Discussion in 'Journalism topics only' started by Fourth and 8, Oct 5, 2007.

  1. Fourth and 8

    Fourth and 8 Member

    Say you want to fade a photo's edge into the copy. How do you do it? I can't watch the design czar who teaches nothing. Give me a step by step on a photoshop/quark combo and I'll email a beer.
     
  2. Chi City 81

    Chi City 81 Guest

    I know Photoshop pretty damned well, but I don't know what you're trying to do. Can you describe it differently, please? Are you talking about a cutout? About a gradient fade?
     
  3. Oggiedoggie

    Oggiedoggie Well-Known Member

    One, rather crude but simple, way is to use the marquee selection tool (that square dotted-line thingy) to make a square well within the photo's borders. You'll get the "marching ants" around that square.

    Then go up to "select" at the top of the window and scroll down to "inverse."

    Then go back to "select" and scroll down to "feather." Choose a rather large value for the feather (>50 depending on the size of the photo).

    Make sure that your background color is white and hit "delete" on the keyboard.

    The edges should now do a fuzzy fade to white.

    Experiment with the marquee placement and the feather value until you get what you want.

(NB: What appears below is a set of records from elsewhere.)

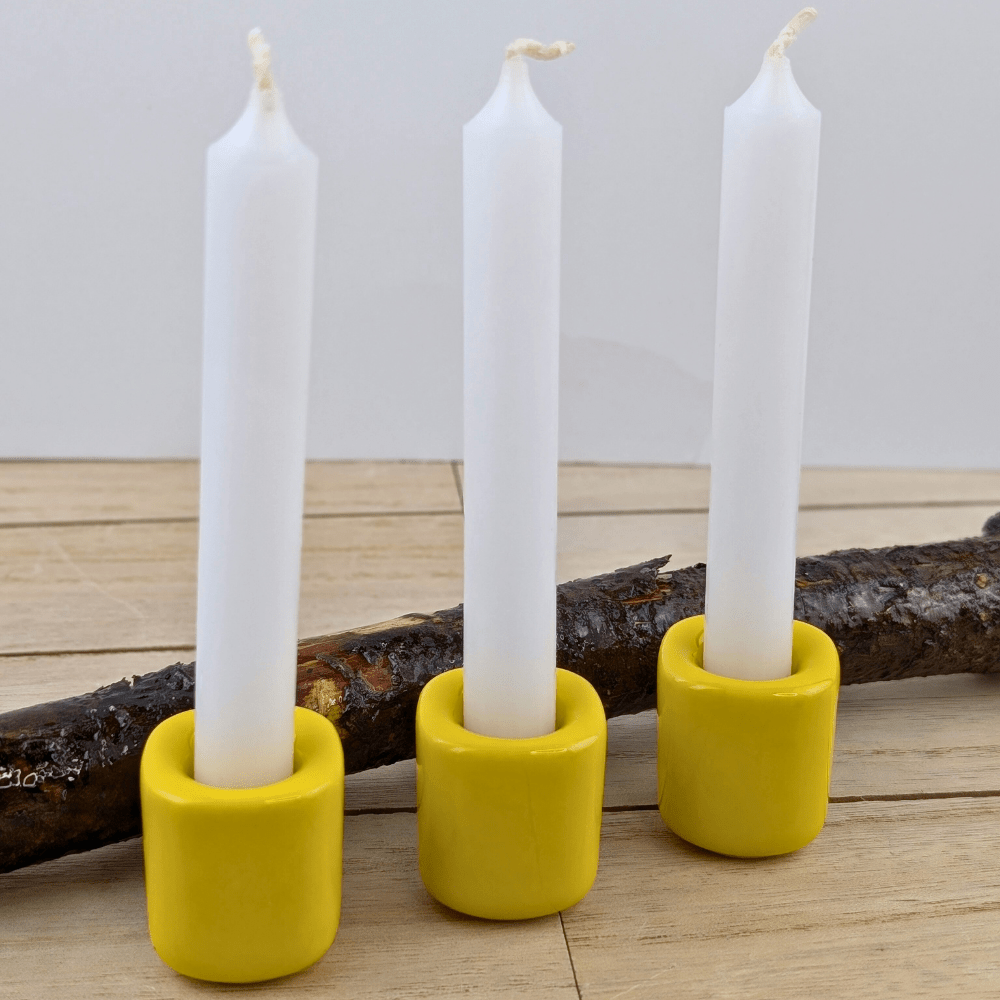 Ceramic candle holder with a bright yellow finish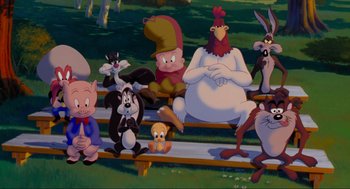 Movie still from “Space Jam” (1996), directed by Joe Pytka – A group of cartoon characters sitting on top of a bench; Wide shot, High angle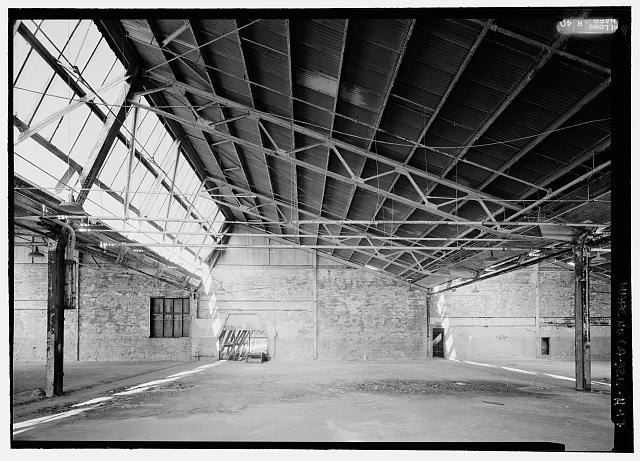 Ford Richmond Assembly Plant VIEW TO EAST SHOWING ONE OF THE OPENINGS IN THE SECOND FLOOR EAST WALL THROUGH WHICH A CONVEYOR ONCE PASSED FOR MOVING BODY PANELS TO AND FROM THE SECOND FLOOR.
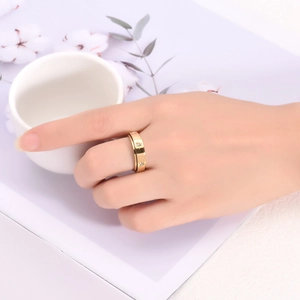 Détail d'une bague dorée rotative avec motifs d'étoiles gravés et cristaux étincelants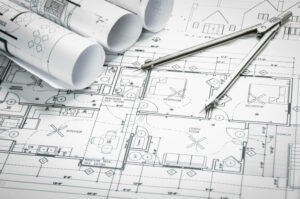 Architectural,blueprints,and,blueprint,rolls,and,a,drawing,instruments,on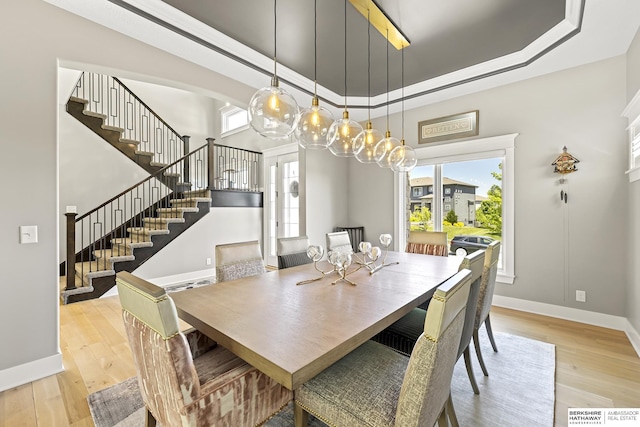 11412 S 122nd St, Papillion, NE 68046 - dining space with stairs, light wood-style flooring, baseboards, and a tray ceiling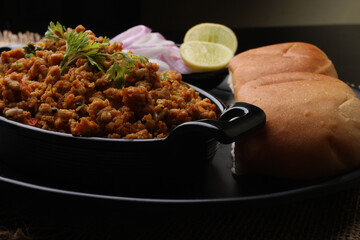 Masala Anda Bhurji or Spicy Indian scrambled eggs with bread or Bun Pav, Popular street food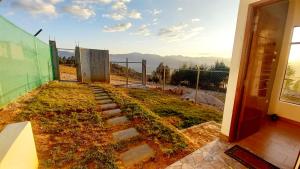 a view of a garden from a house at Casa de Campo Mirador de la Retama in Cajamarca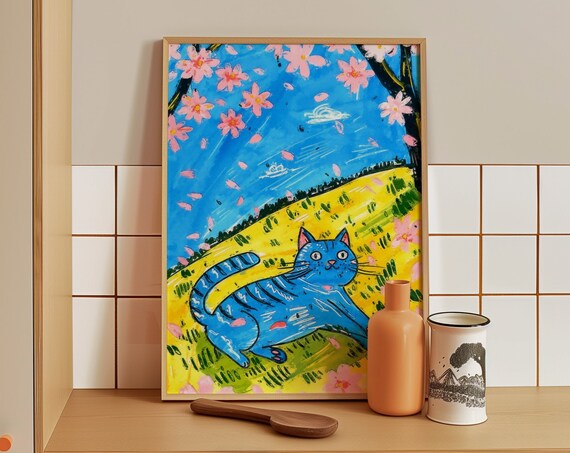 Bold Blue Cat Stretching Beneath Cherry Blossoms on a Sunny Hill Poster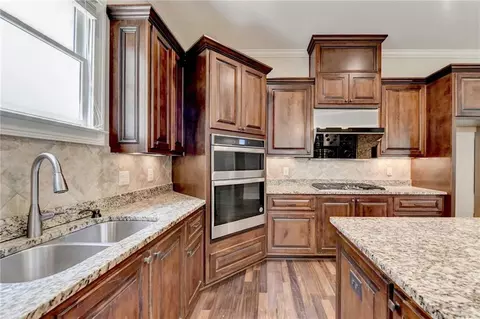 Kitchen - 7890 Royal Melbourne Way, Duluth, GA 30097 photo 6 of 9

    You can also experiment with the eraser tool set on a wide brush diameter and with the "hardness" of the brush set at "0". Just run the eraser around the edge of the photo. Then your fade lines don't necessarily have to be straight and you can work more freehand.

    In any case, leave the "history" window open so that you can go back to an earlier version of the file if you don't like the effect.

    And, as always, think twice as much about why you are altering the photo as you do about how to do it.

    Then, in Quark, just make sure the background of the text box is transparent or "none" and place the type where you want on the edge of the photo.

    This is for a photo that fades on all edges. To fade one edge simply reposition the marquee box so that only one edge is selected before you feather and delete.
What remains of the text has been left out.